Voto contra o Voto de Pesar nr. 468/XIV/2.ª pelo falecimento do Tenente-coronel Marcelino da Mata, enquanto historiadora, anti-colonialista, anti-racista, mulher política, luso-guineense, mas também enquanto cidadã e mãe.

Ajudei a aprovar iniciativas legislativas para a criação do Estatuto do Antigo Combatente e maior reconhecimento e apoio a quem serviu o país e deve, por isso mesmo, jamais ser esquecido pelo Estado, assim como para o reconhecimento e apoio aos militares dos comandos africanos que serviram o Estado colonial. Contudo, tenho de enfatizar que ninguém merece ser confrontado com o teatro de guerra e com a morte aos 20 anos e que muitos jovens não tiveram forma de escapar a uma guerra injusta, sob a rédea de um regime fascista e autoritário. Vítimas de um regime negacionista e agarrado a valores colonialistas que tentava perpetuar, procurando manter colónias em pleno século XX e subjugar povos inteiros à condição de eternos inferiorizados.

Enquanto historiadora não coopero com o branqueamento da História e das suas personagens. A História, se não for a procura da verdade, não serve nem o presente, muito menos o futuro. Porque ela está ao serviço da aprendizagem de um povo ou comunidade. Marcelino da Mata foi um criminoso de guerra, que não mostrou arrependimento público pelos seus atos até ao dia da sua morte. Matar e ser morto em teatro de guerra são duas premissas a que não se pode fugir, mas a crueldade e a malvadez como forma de luta são opções que se tomam nesse quadro. Opções que muitos não tomaram mas que Da Mata tomou em consciência e continuou sempre a vangloriar-se destas.

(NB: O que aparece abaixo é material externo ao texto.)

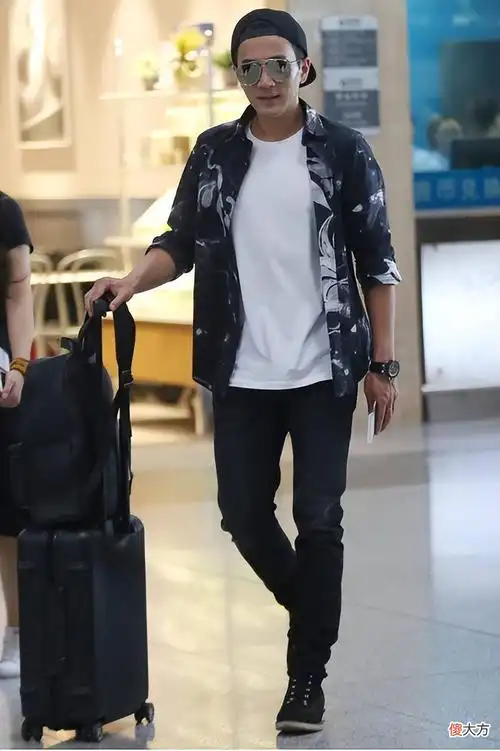 【就爱时尚】刘恺威的休闲穿搭有哪些优点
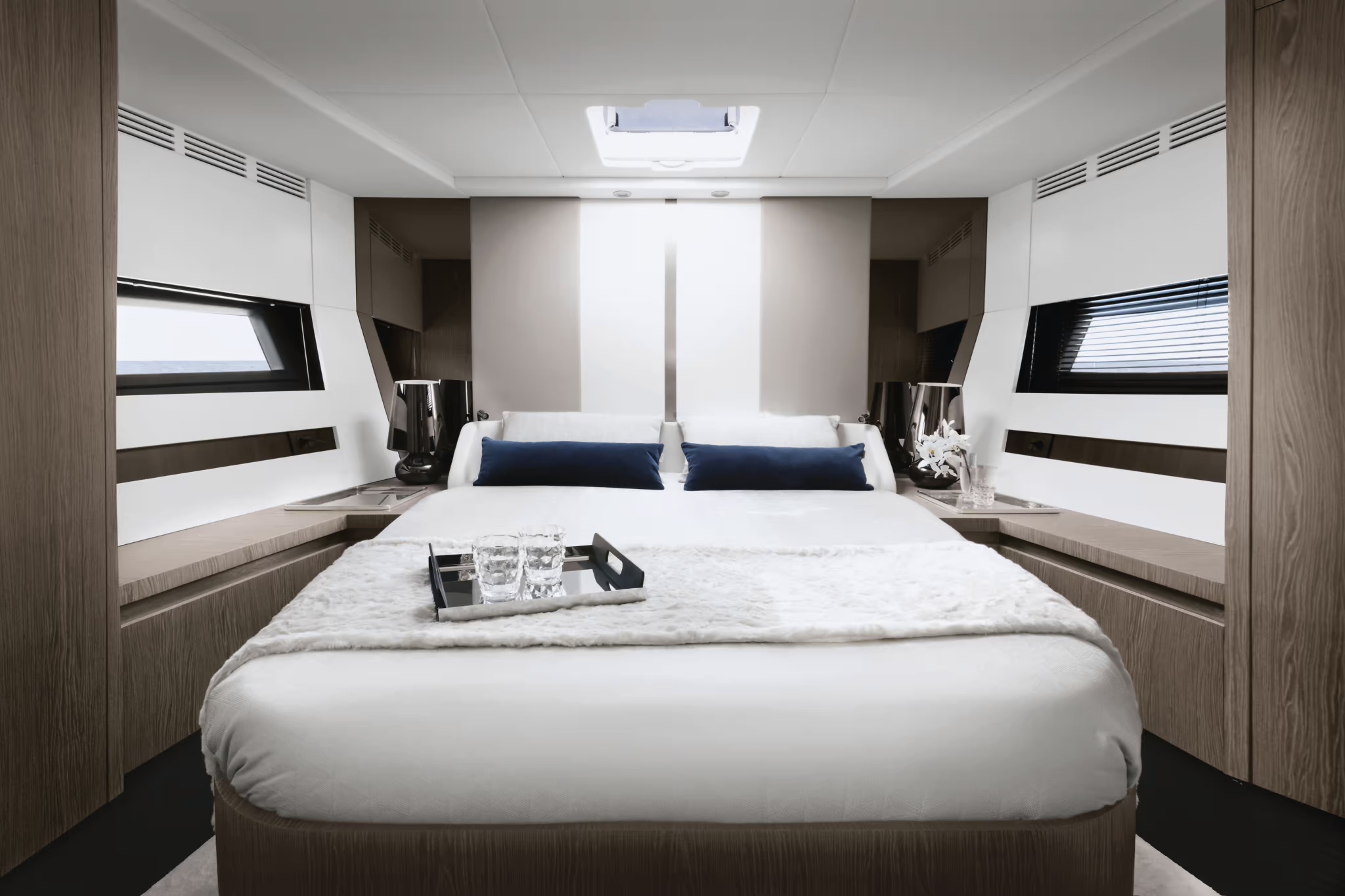 Azimut S6, vip hut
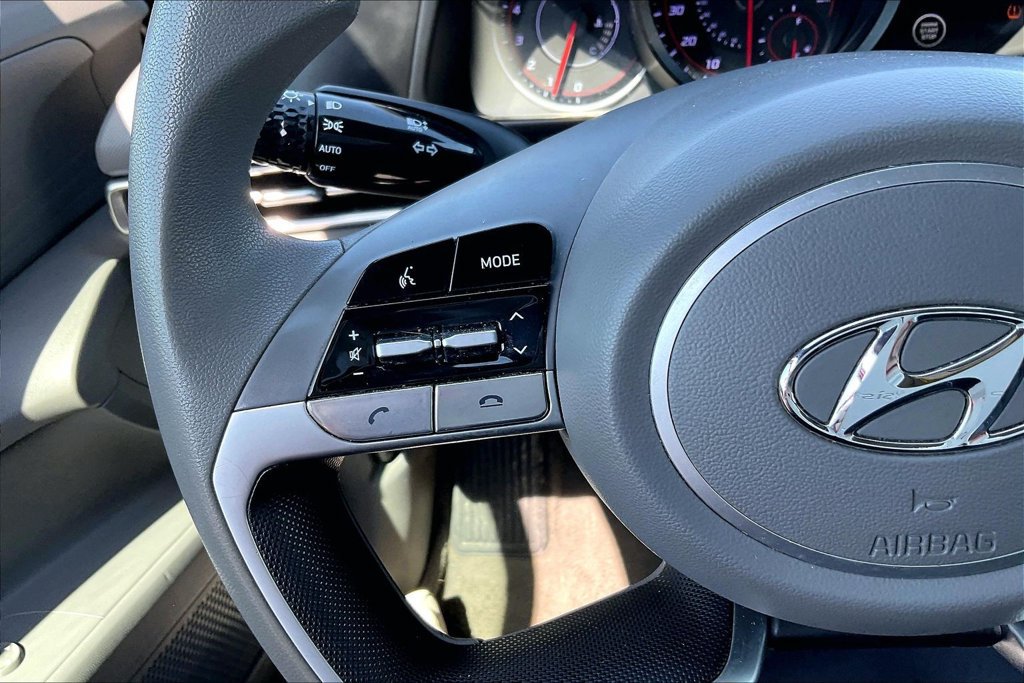 Used 2023 Hyundai Elantra SEL FWD image 18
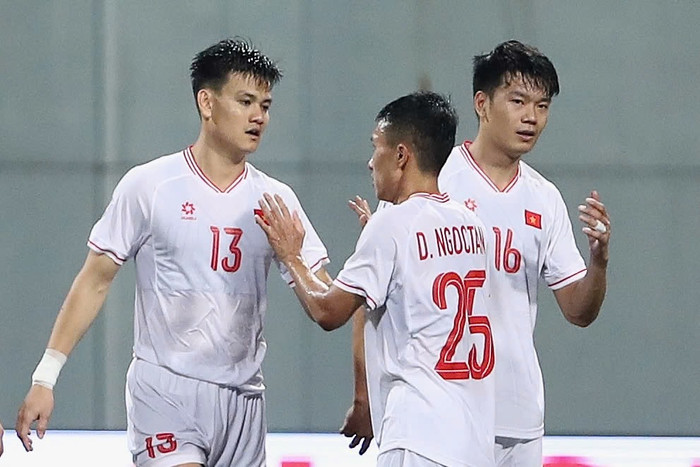 Chấn thương của hậu vệ Hồ Tấn Tài được dự báo không nhẹ và khả năng khó góp mặt ở hai trận chung kết. Ảnh: Em Lê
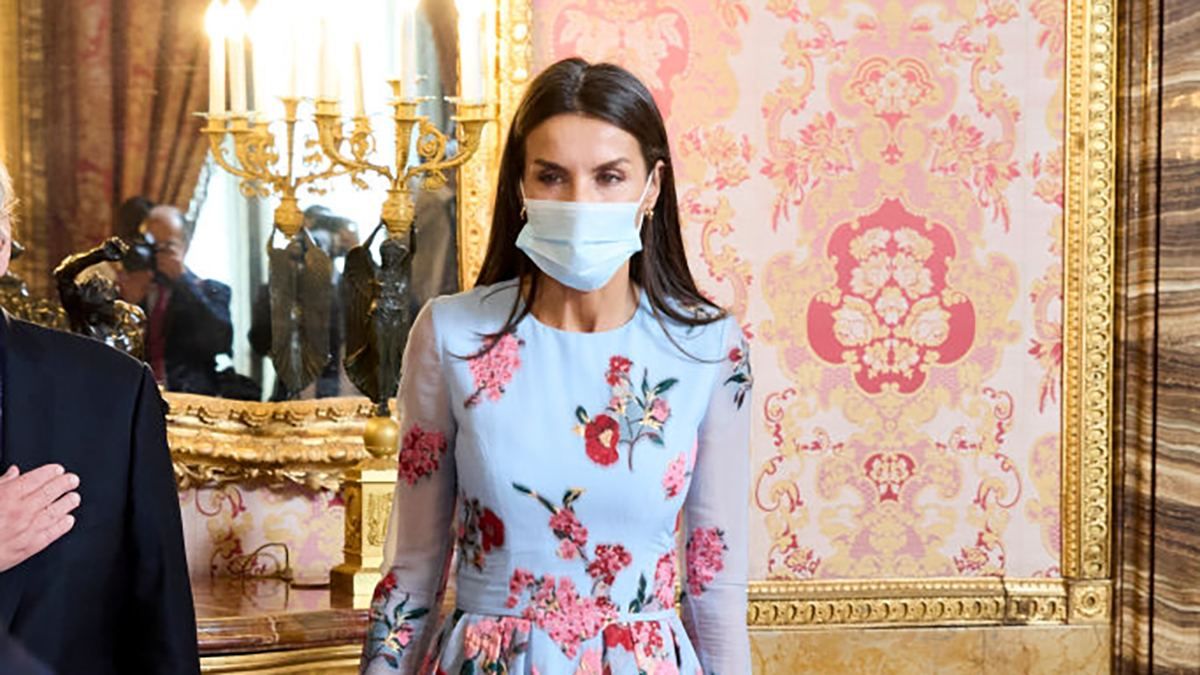 Летиція захопила образом у квітковій сукні з вишивкою: фото Летиція захопила образом у квітковій сукні з вишивкою: фото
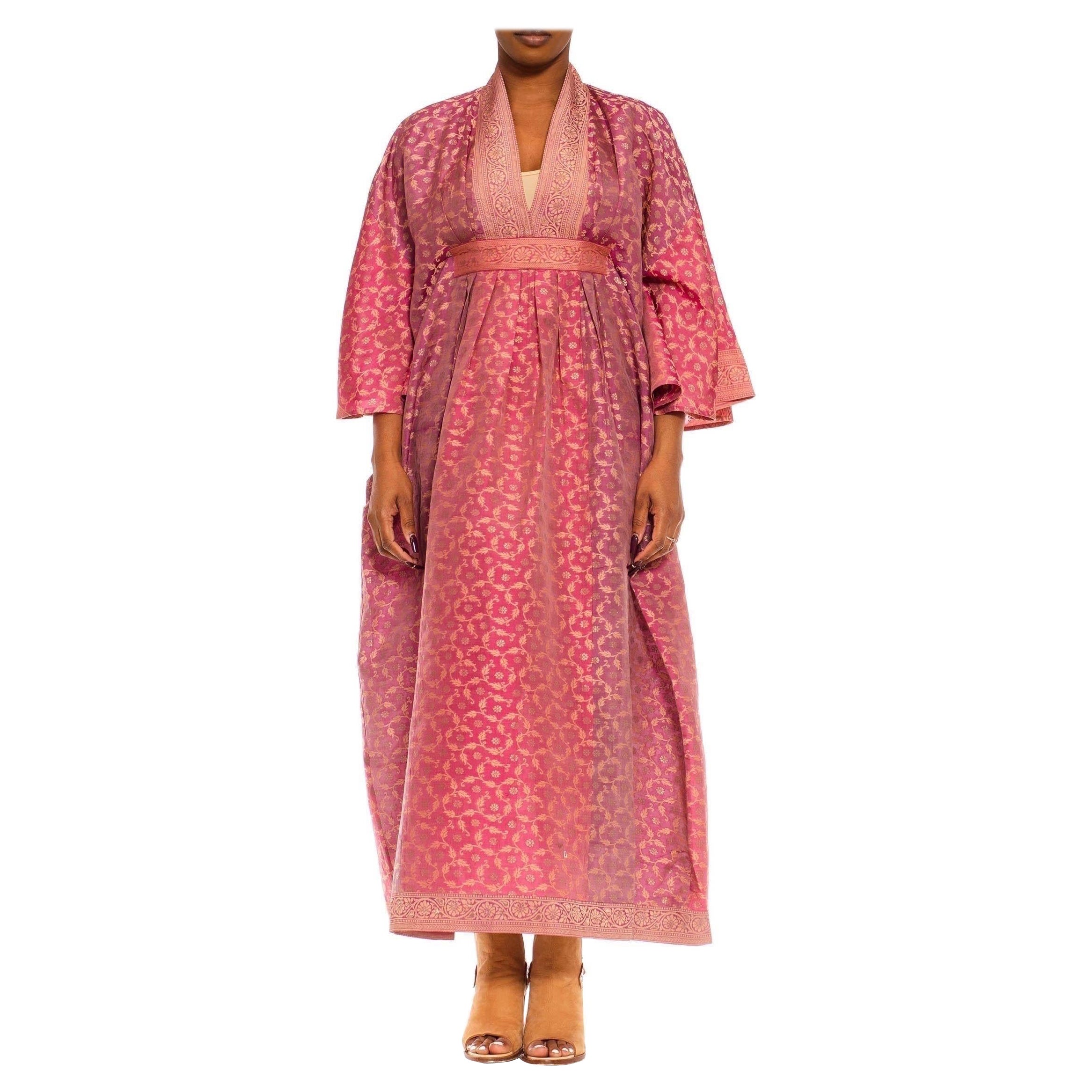 MORPHEW COLLECTION Flieder & Pfirsichfarbener karierter Seidenkaftan aus Sari aus Vintage Sari im Angebot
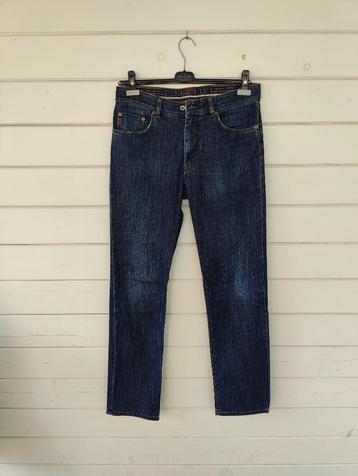 Donkerblauwe jeansbroek – maat W34/L34 – Brax
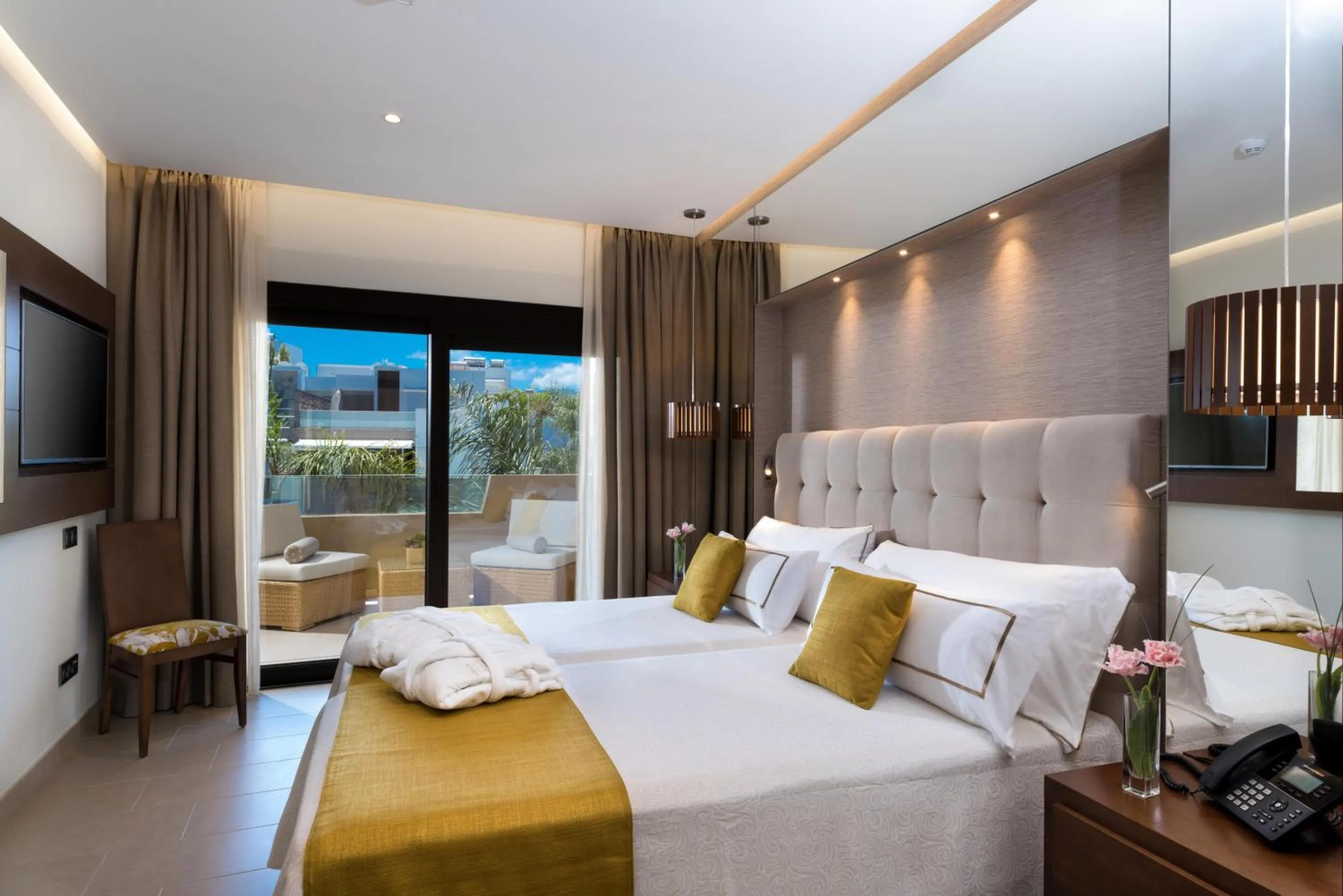 Photo of the whole room, Bed in GF Victoria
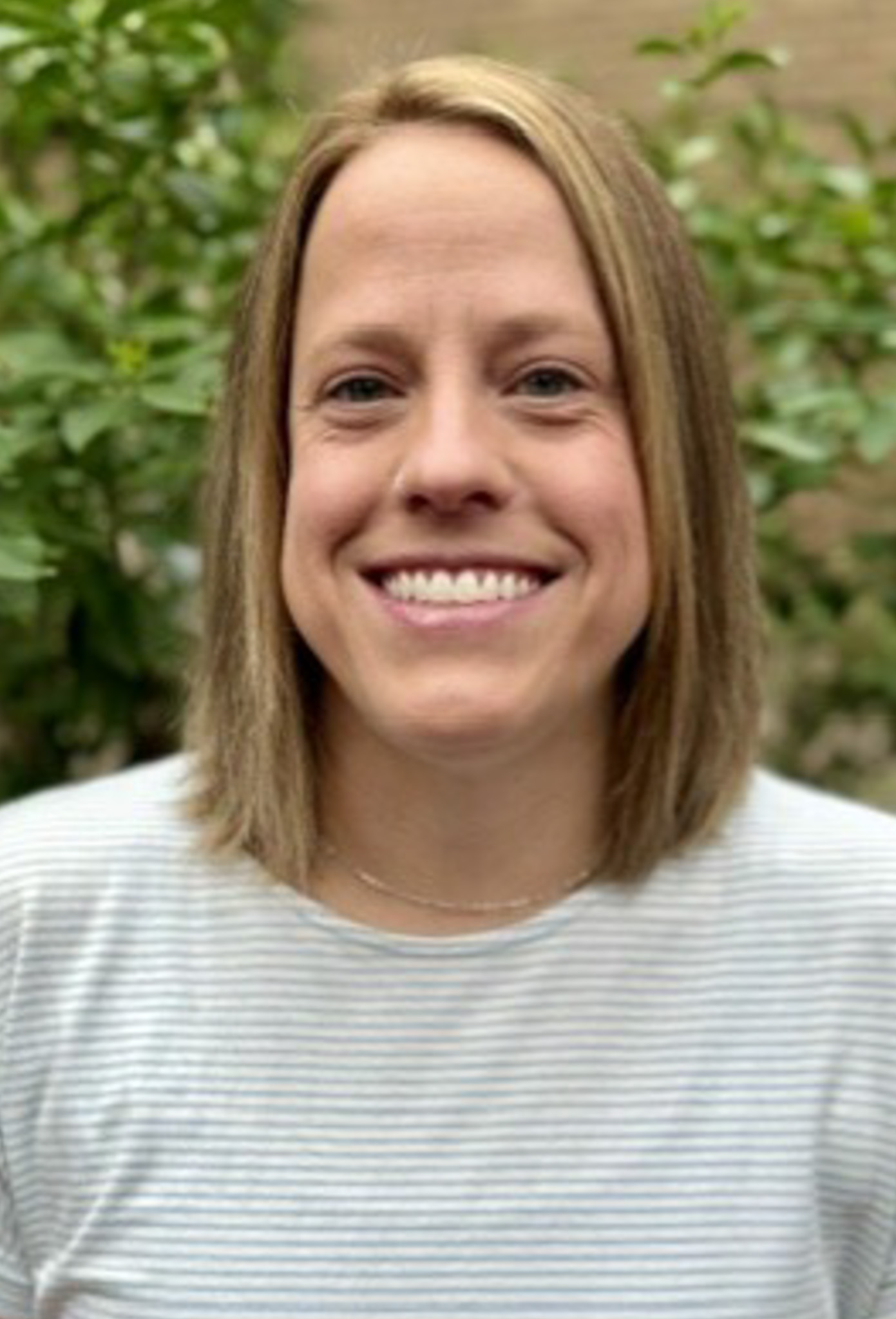 Headshot of Lindsay Prekker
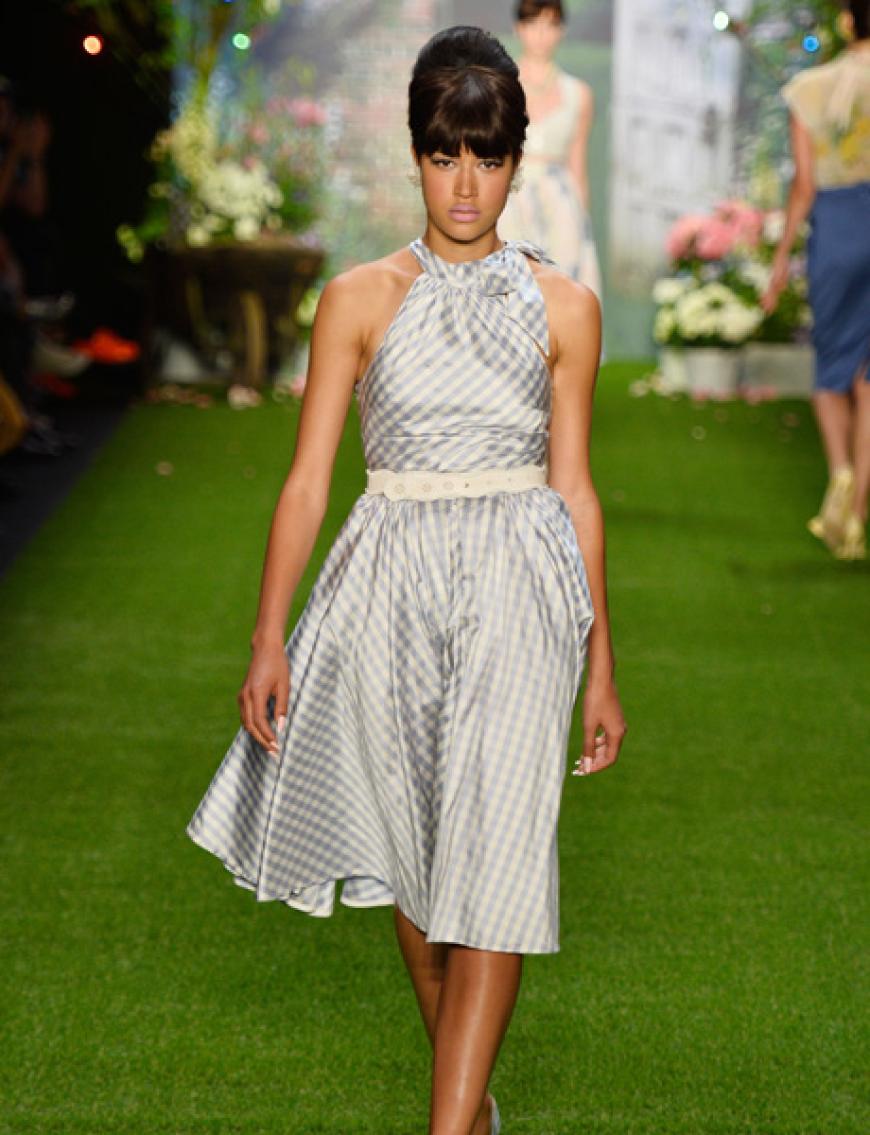 Lovelyn auf dem Kunstrasen-Catwalk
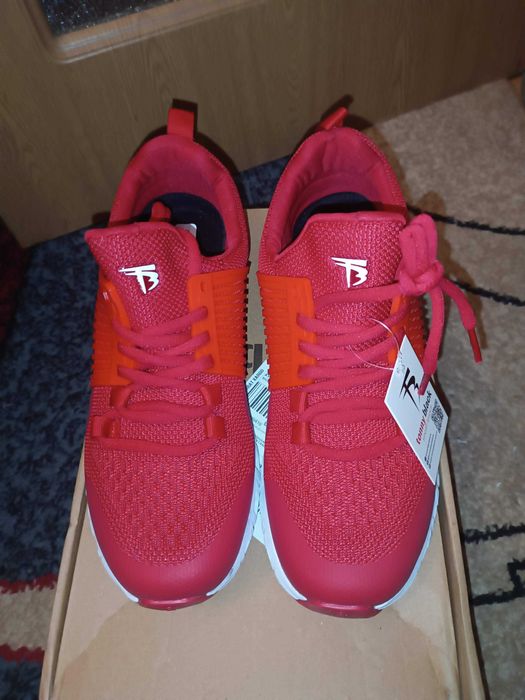 Adidasi sport marime 41 rosu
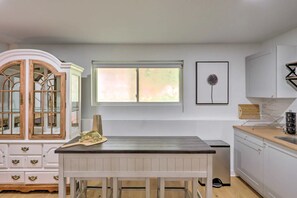 Fridge, microwave, oven, stovetop - NEW! Cat/Dog-Friendly Apartment Between Seattle & Tacoma! (Auburn)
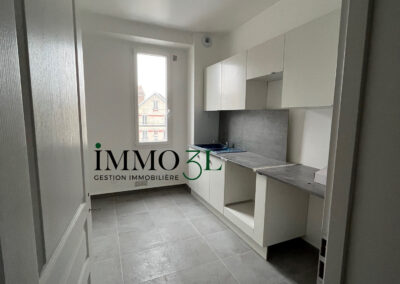 ROSNY, 3 pièces, 935,00 € c.c / mois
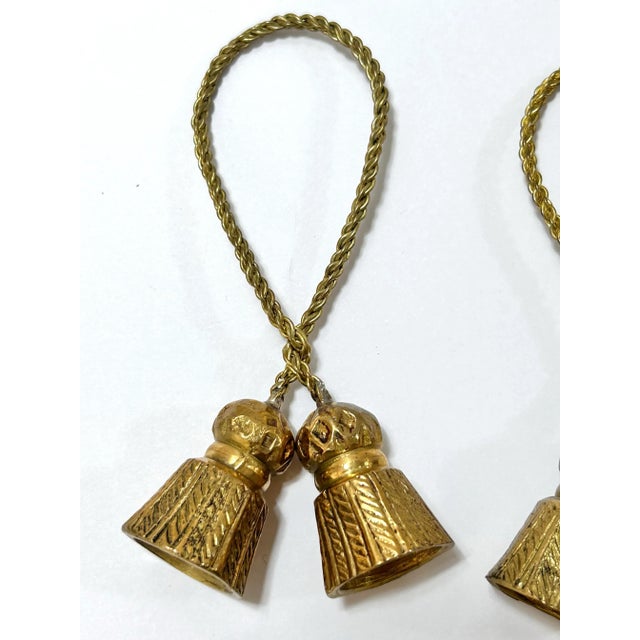 Mid 20th Century Vintage Brass Tassel Napkin Rings – Hollywood Regency Tabletop Entertaining Decor – Set of 6 For Sale - Image 5 of 6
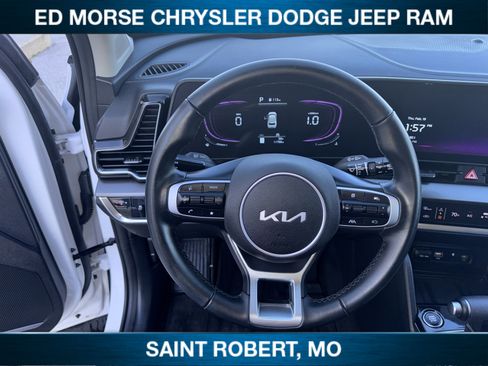 Used 2025 Kia Sportage EX image 22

Enquanto anti-colonialista e anti-racista, jamais ponderaria homenagear um homem como Marcelino da Mata, que privilegiou a fama individual de assassino profissional em detrimento da auto-determinação de um povo que era o seu, dos povos da Guiné e Cabo-Verde, por quem lutava o PAIGC. Marcelino da Mata não foi apenas contra o seu povo, as suas raízes e a sua ancestralidade, mas foi também um homem contra o seu tempo, que abraçou o colonialismo quando este definhava e para salvá-lo usou toda a violência possível, toda a desumanidade e o medo que esta provocava. Juntou-se ao poder colonial e racista, homenageando-o com a sua violência extrema.

Como política, tenho a responsabilidade de representar os valores humanitários e democráticos que não coincidem com aqueles que Marcelino da Mata, a sua vida, história e pensamento representam.

Enquanto luso-guineense, trago a herança de um povo combatente e resiliente que venceu a guerra colonial e pôs fim ao regime secular do colonialismo, permitiu as condições para o 25 de Abril em Portugal, que hoje todas e todos celebramos. Enquanto herdeira de duas revoluções pela Liberdade e contra o colonialismo, não subscrevo o nome de Marcelino da Mata.

Como mãe, junto-me à dor das mulheres guineenses que perderam os seus filhos e sofreram a brutalidade da guerra, da chacina e da matança. Abraço as mães vivas e já falecidas dos combatentes que trouxeram a Libertação política à Guiné-Bissau e a Cabo Verde. E estou do lado das mães portuguesas que sofreram a perda de entes queridos sem que pudessem interferir e ter voz num mundo de homens que rouba os filhos das mulheres para a dor e a morte. Marcelino da mata traiu o seu bambaram.

Marcelino da Mata não merece qualquer honra. Não merece ser votado na casa da democracia porque foi um anti-democrático e contra a auto-determinação dos seus próprios irmãos e irmãs. Marcelino da Mata não esteve à altura do seu tempo e tombou pelo lado que considerou mais forte.